In FIG. 3, the stationary member 10 and the movable member 12 are shown attached to each other. The movable member 12 is movable along an axis indicated by arrow 14. The movable member 12 is provided with a plurality of openings, 21-24, that are formed through the thickness of the movable member. A plurality of rotatable cams, 31-34, are disposed within the openings, 21-24, of the movable member 12. As will be described in greater detail below, the rotatable cams extend through holes formed through the thickness of the stationary member 10. A switch actuation protrusion 40 is formed as part of the movable member 12.
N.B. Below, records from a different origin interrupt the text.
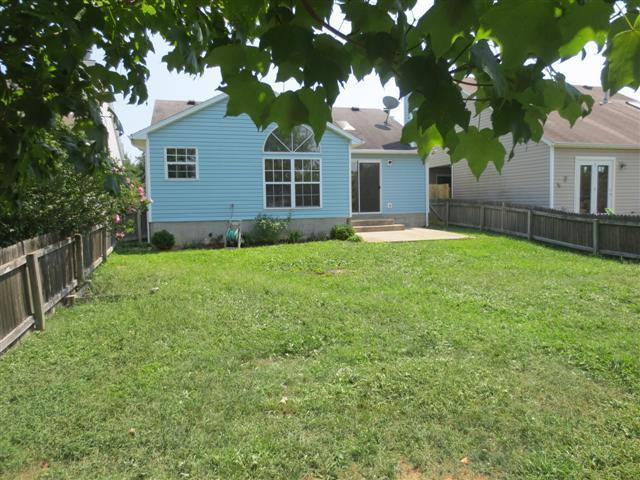 113 Pleasant Ridge Way Lexington, KY 40509 - Photo 2 of 37 Back of home shows the fence and fairly
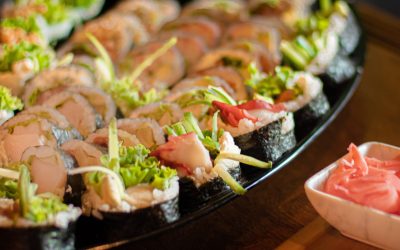 An elegant display of assorted sushi on a black platter with wasabi and ginger.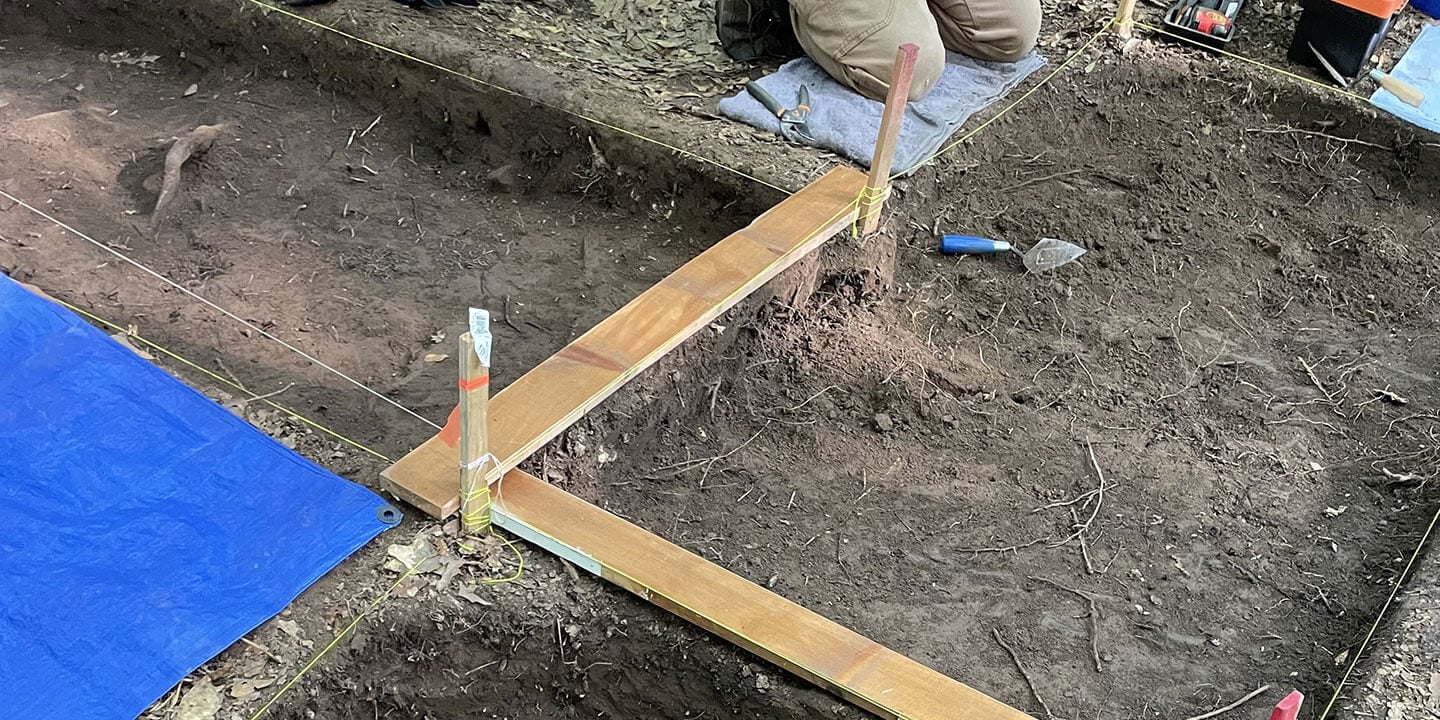 An active archaeological dig site divided into sections by stakes and string with someone kneeling in front of a trowel.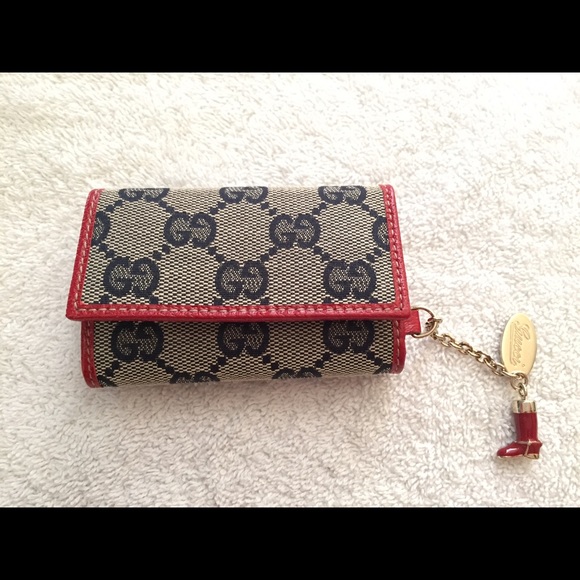 Gucci GG supreme canvas key case with charm.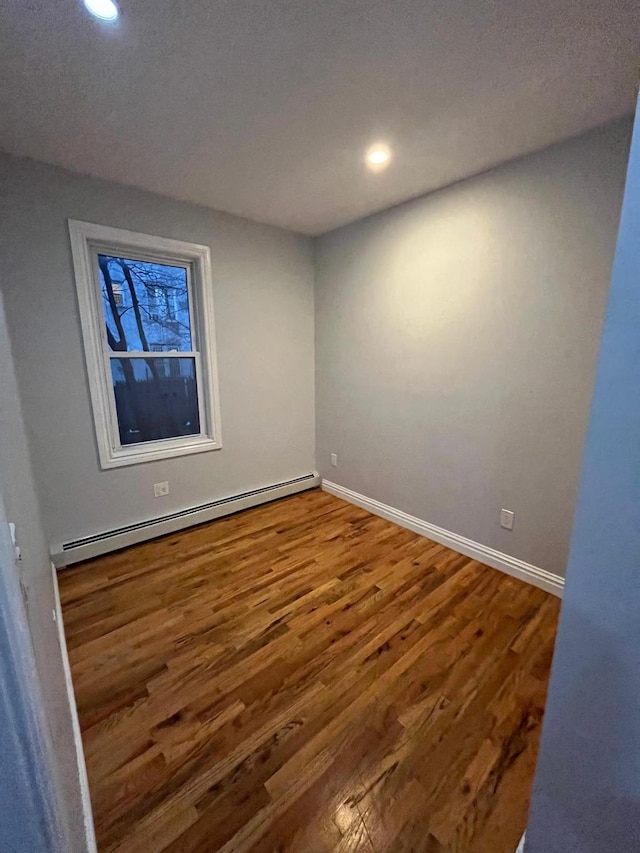 unfurnished room with hardwood / wood-style floors and baseboard heating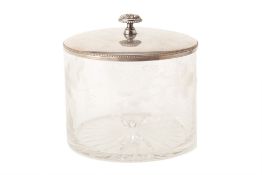 AN ENGRAVED GLASS AND SILVER PLATED BISCUIT BOX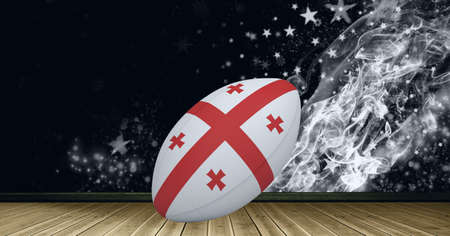 Georgia flag on rugby ball over wooden surface against smoke effect and stars on black background. sports tournament and competition conceptの写真素材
As shown in FIG. 3, a switch 44 is rigidly attached to the stationary member 10. The switch 44 comprises a plunger 46. When the movable member 12 moves toward the right in FIG. 3 relative to the stationary member 10, the switch actuating protrusion 40 moves into contact with the plunger 46 and actuates the switch 44. A space 50 is provided through both the stationary member 10 and the movable member 12 in a preferred embodiment of the present invention in order to provide a place where the spring 54 can be disposed. The purpose of the spring 54 is to return the movable member 12 to an initial position when none of the rotatable cams, 31-34, is rotated from its rest position. As will be described in greater detail below, each of the openings, 21-24, is provided with an edge that serves as a cam follower surface. In FIG. 3, the cam follower surfaces are located at the right sides of the plurality of openings, 21-24. If any one of the rotatable cams, 31-34, is rotated about its central axis, the movable member 12 moves toward the right and causes the switch actuating protrusion 40 to move against the plunger and actuate the switch. This rotation of one of the rotatable cams does not affect the other ones of the plurality of rotatable cams. As can be seen in FIG. 3, each of the openings, 21-24, is provided with space to the left of the rotatable cam to allow the movable member 12 to move toward the right without affecting the other rotatable cams which are not rotated about their central axes.
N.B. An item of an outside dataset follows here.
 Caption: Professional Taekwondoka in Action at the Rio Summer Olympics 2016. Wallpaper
FIG. 4 is an enlarged view of one of the openings 21 and its associated rotatable cam 31 which is disposed within it. The rotatable cam 31 is rotatable about its central axis 61 in a direction represented by arrow 71. The opening 21 has an edge 91 that is shaped to serve as a cam follower. The rotatable cam 31 has a cam surface 81 that is movable against the cam follower edge 91. For purposes of demonstrating the action of the mechanism shown in FIG. 4, two dashed lines are provided for illustrative purposes. One dashed line 100 represents the position of the central axis 61 about which the rotatable cam 31 can rotate. Since the central axis of the rotatable cams are located in a fixed position relative to a stationary device, such as a kitchen range, it will not move in response to rotation of the rotatable cam 31. Another dashed line 102 represents the left edge of opening 21. The left edge of the opening has been chosen as a representative reference to illustrate the movement of the opening 21 and the movable member 12 through which it is formed. Arrow 104 shows the distance between dashed lines 100 and 102.
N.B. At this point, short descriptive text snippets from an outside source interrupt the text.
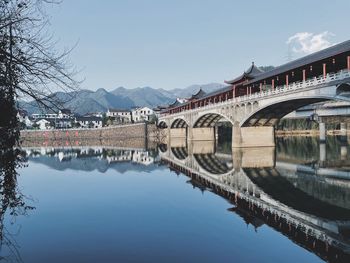 Arch bridge over river amidst buildings against sky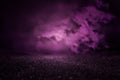 Purple and black abstract background with bokeh defocused lights. Royalty Free Stock Photo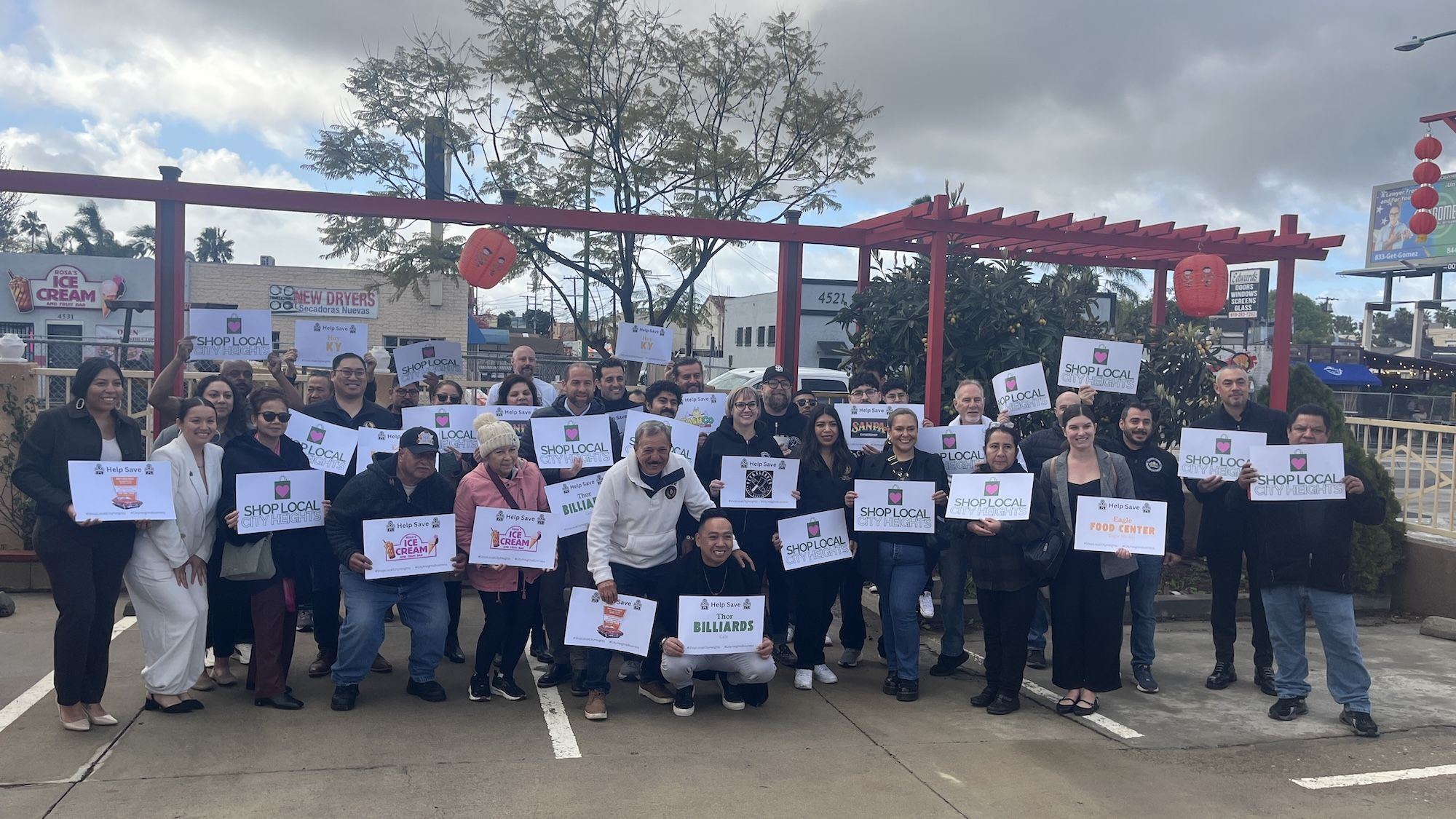 Business owners pose for a photo outside holding signs with shop names and "shop local City Heights."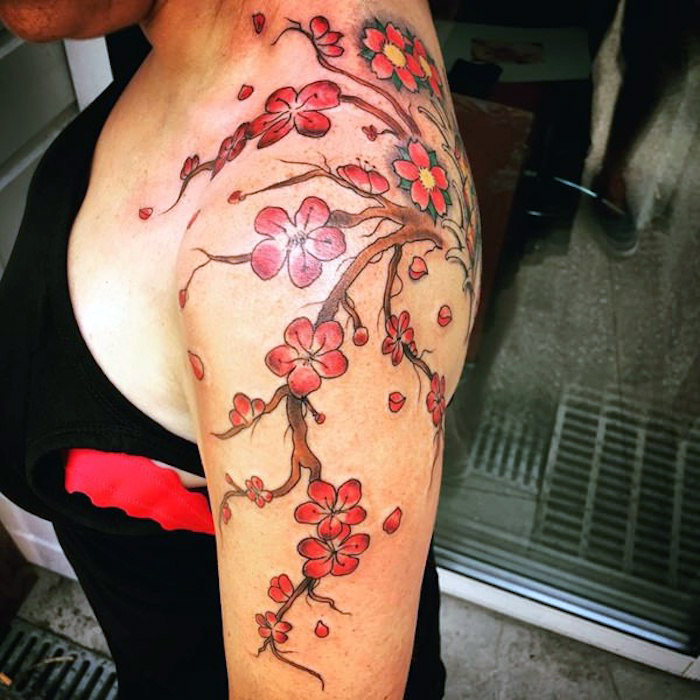 tattoos mit bedeutung, kirschbraum mit roten blüten am schulter
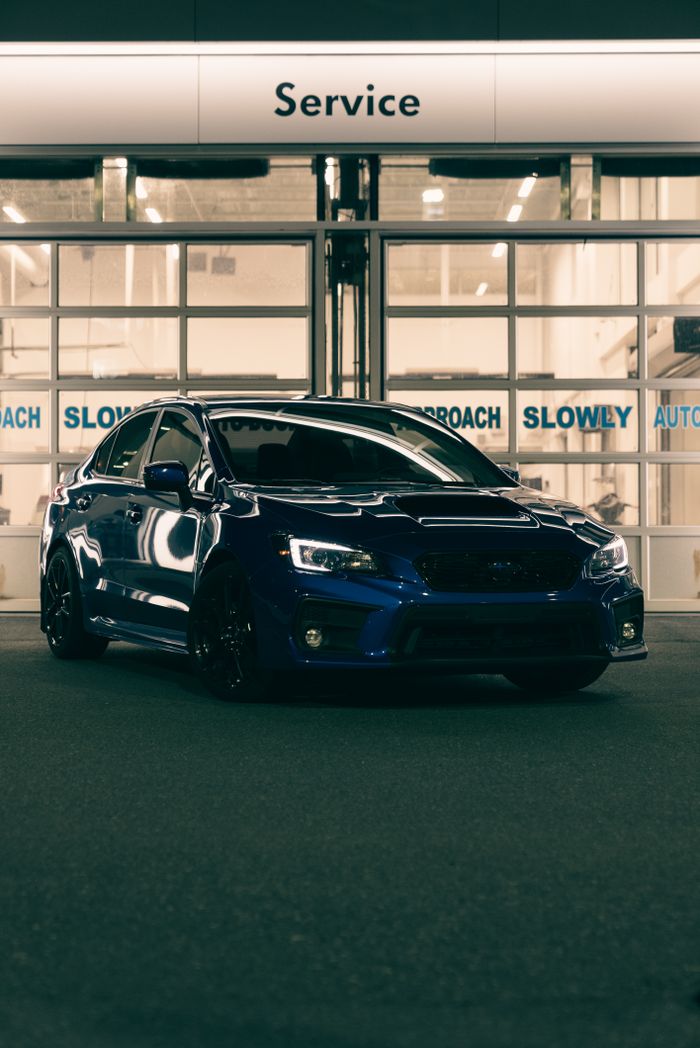 A modern blue car parked in an automotive service area at night, showcasing design and technology.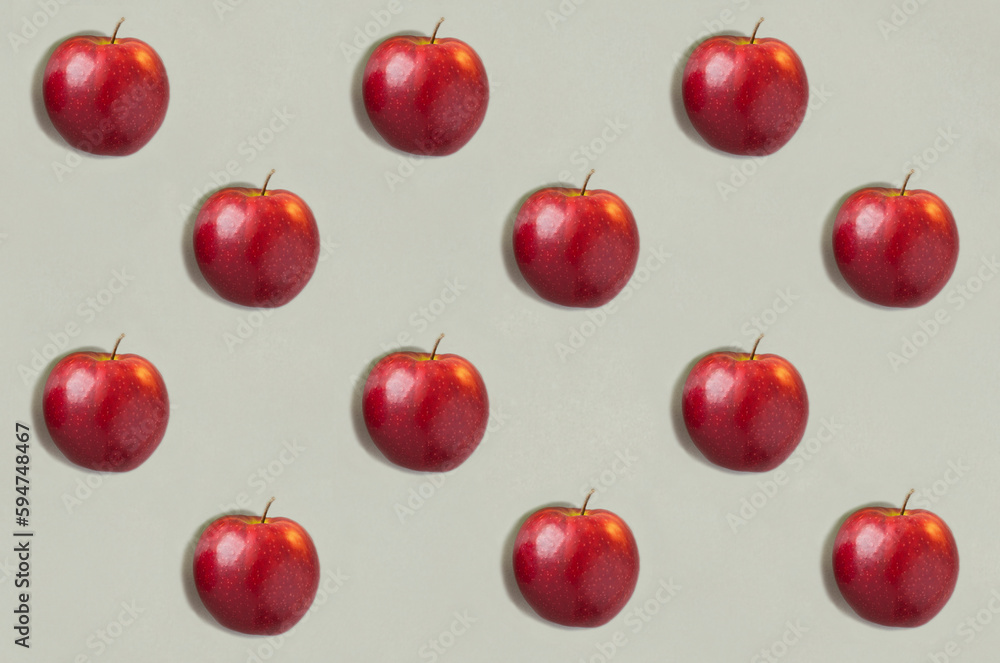 Red apples on the gray background. Flat lay. Pattern. Top view. Red apples on the gray background. Flat lay. Pattern. Top view.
FIG. 5 shows the device illustrated in FIG. 4 after the rotatable cam 31 is rotated in the direction represented by arrow 71. This rotation causes the cam surface 81 to move against a portion of the cam follower edge 91 of opening 21. Since the central axis 61 about which the rotatable cam 31 rotates is fixed in position, as represented by dashed line 100, the rotation of the rotatable cam 31 causes the movable member 12 to move toward the right as represented by arrow 105. This movement is schematically illustrated by the movement of the left edge of opening 21 from line 102, as shown in FIG. 4, to line 106. The magnitude of this movement is represented as M1 in FIG. 5. As described above in conjunction with FIG. 3, it can be understood that the switch actuating protrusion 40 moves toward the right by the same magnitude M1.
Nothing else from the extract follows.